## EXERCISE AIM:
Write out the data word for word and omit every picture.

## DATA SEGMENT:
=-=-=-=-=
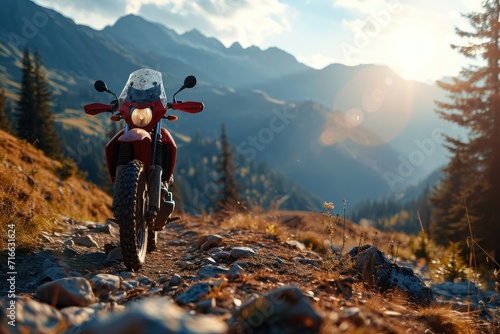 Mountain bike rider in helmet and sportswear riding on the trail in the high mountains. Motocross. Enduro. Extreme sport concept.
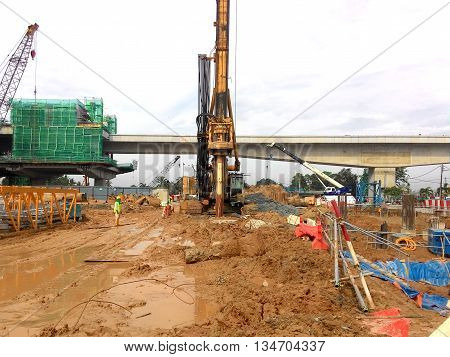 MALACCA, MALAYSIA - MARCH 12, 2015: Bore pile rig machine at the construction site in Malacca, Malaysia. The machine used to driven pile for building foundation work.
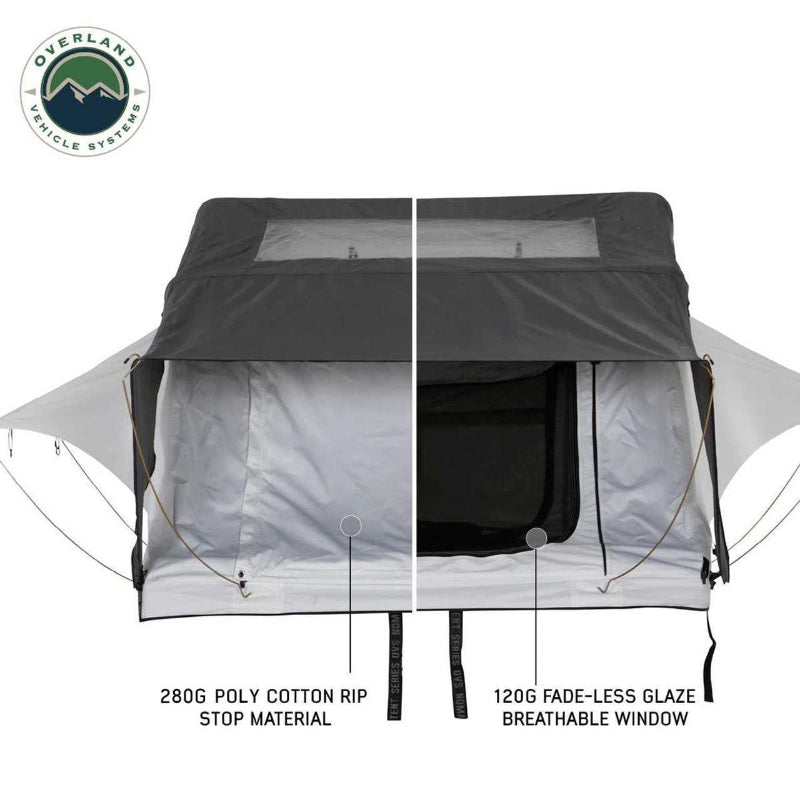 Image of a split view of a Nomadic rooftop tent, showcasing the 280G poly cotton rip stop material on one side and a 120G fade-less glaze breathable window on the other, all with a dark grey rainfly overhead, on a white background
=-=-=-=-=
## RESPONSE TO THE TASK:
 Mountain bike rider in helmet and sportswear riding on the trail in the high mountains. Motocross. Enduro. Extreme sport concept.
 MALACCA, MALAYSIA - MARCH 12, 2015: Bore pile rig machine at the construction site in Malacca, Malaysia. The machine used to driven pile for building foundation work.
 Image of a split view of a Nomadic rooftop tent, showcasing the 280G poly cotton rip stop material on one side and a 120G fade-less glaze breathable window on the other, all with a dark grey rainfly overhead, on a white background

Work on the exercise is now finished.